1. Inspección visual
Inspeccione las tuberías de aceite: revise las tuberías de aceite en el sistema hidráulico para detectar grietas, desgaste o daños obvios, especialmente en las juntas y conexiones.
Inspeccione las juntas: revise todas las juntas hidráulicas para ver si están apretadas y si hay signos de holgura o fugas.
Inspeccione los sellos: revise los sellos de los cilindros hidráulicos, las bombas y otros componentes en busca de desgaste o daños.
2. Utilice herramientas especializadas
Prueba de presión: Realice una prueba de presión en el sistema hidráulico y observe si el manómetro cae de manera anormal, lo que puede indicar una fuga.
Sensor de flujo: utilice un sensor de flujo para detectar cambios en el flujo de aceite hidráulico.
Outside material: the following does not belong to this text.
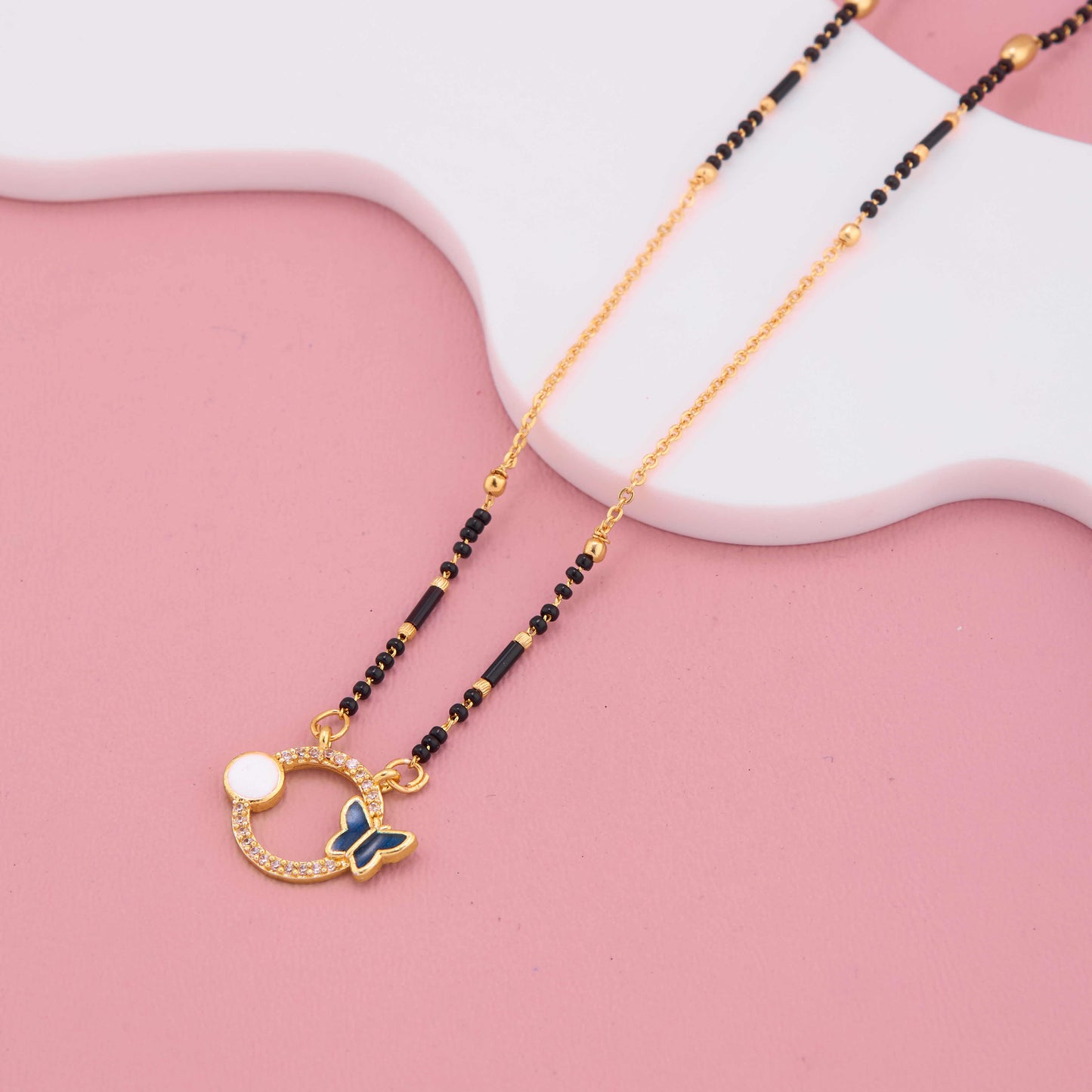 Graceful Butterfly Charm Meenakari Gold Plated Mangalsutra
Un aumento anormal del flujo puede indicar una fuga.
Detección de fugas de helio: para fugas pequeñas y difíciles-de-encontrar, se puede utilizar la detección de fugas de helio. Este método inyecta helio en el sistema y luego utiliza un detector de helio para detectar la fuga.
3. Verifique el nivel de aceite
Verifique el nivel del tanque: verifique periódicamente el nivel de aceite en el tanque hidráulico. Si el nivel de aceite continúa bajando sin una causa obvia, puede haber una fuga en el sistema.. 4. Utilice un detector de fugas fluorescente.
Detector de fugas fluorescente: agregue un detector de fugas fluorescente al sistema hidráulico e ilumínelo con una lámpara UV. El agente fluorescente emitirá fluorescencia en el punto de fuga, lo que le permitirá localizarla rápidamente.
5. Verifique la temperatura del aceite.
Verifique la temperatura del aceite: si la temperatura del aceite hidráulico es anormalmente alta, puede deberse a una fuga, lo que resulta en una mala circulación del aceite y una disipación de calor ineficiente.